ABOUT THIS TASK :: Set the listing down again exactly, please, apart from its pictures.

SOURCE DATA ::
----------

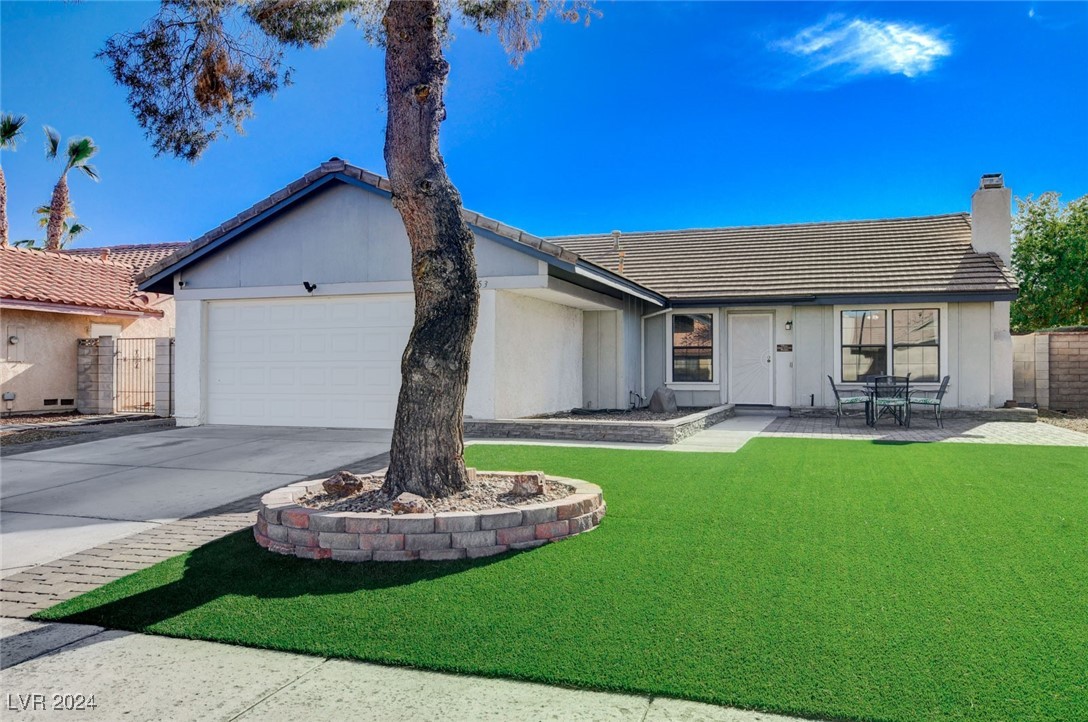3153 Viewcrest Avenue Henderson, NV 89014 - Photo 3 of 49 Eye-catching curb appeal as you note the nicely manicured green turf lawn and adorable brick pavered patio.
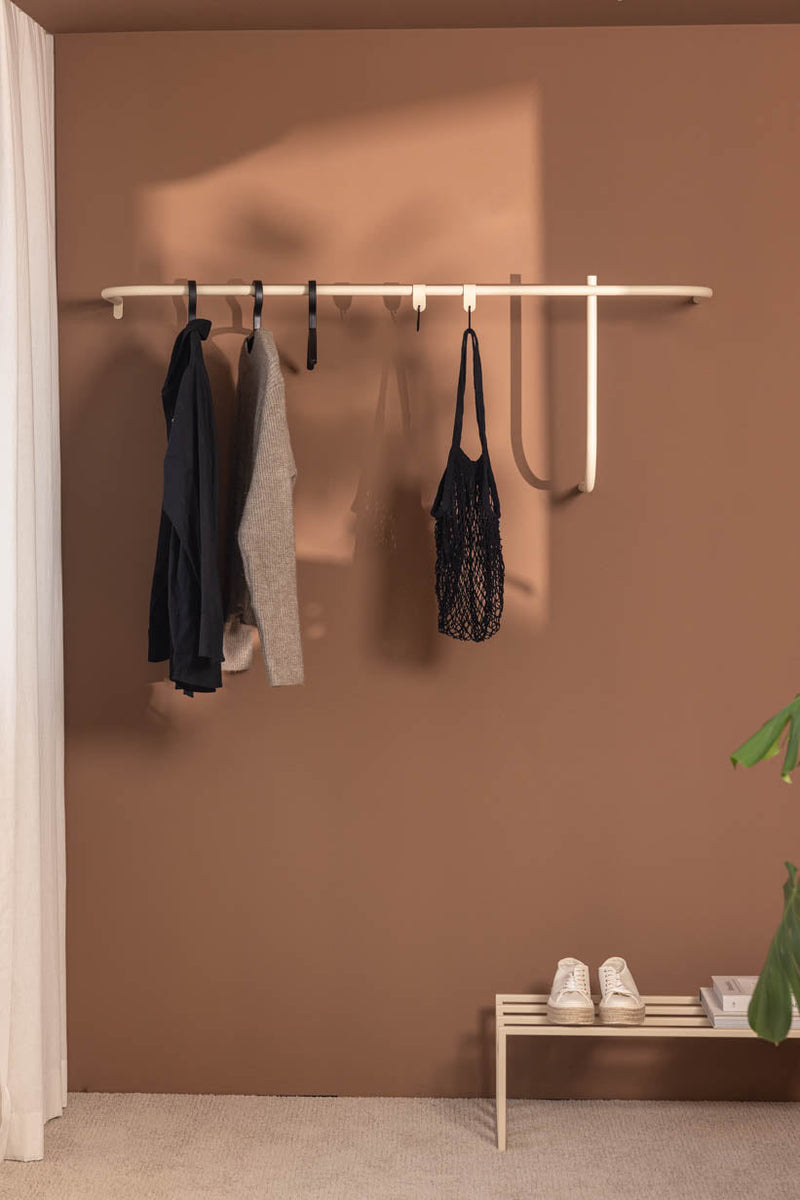 Armario TAMINA con materiales metálicos minimalistas y ropa en la pared, diseño elegante en colores cálidos.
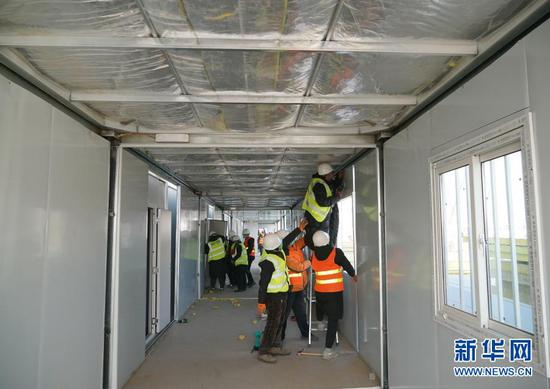 1月18日，在河北省石家庄市黄庄公寓隔离场所项目工地，工人在安装集成房屋。新华社记者 杨世尧 摄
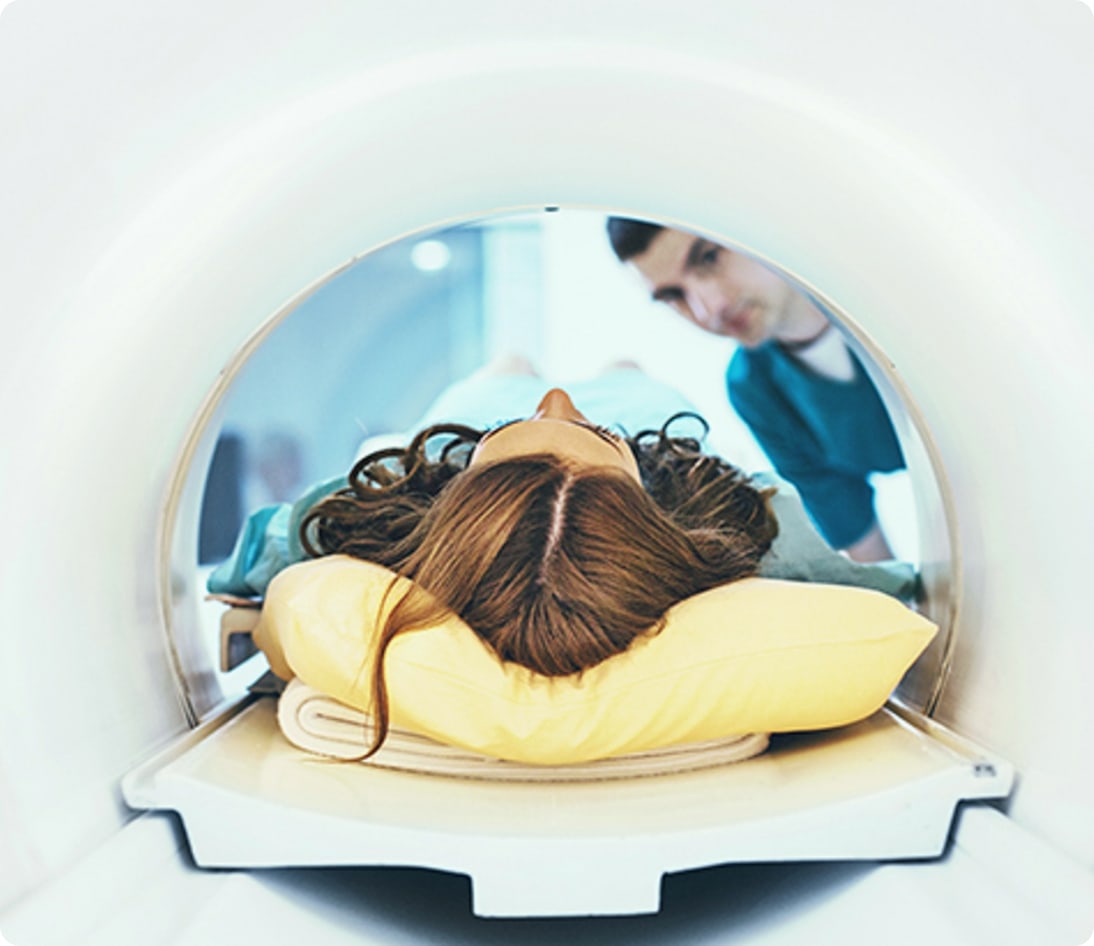 Man sitting on MRI machine smiling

----------

COMPLETED EXERCISE ::
3153 Viewcrest Avenue Henderson, NV 89014 - Photo 3 of 49 Eye-catching curb appeal as you note the nicely manicured green turf lawn and adorable brick pavered patio.
 Armario TAMINA con materiales metálicos minimalistas y ropa en la pared, diseño elegante en colores cálidos.
 1月18日，在河北省石家庄市黄庄公寓隔离场所项目工地，工人在安装集成房屋。新华社记者 杨世尧 摄
 Man sitting on MRI machine smiling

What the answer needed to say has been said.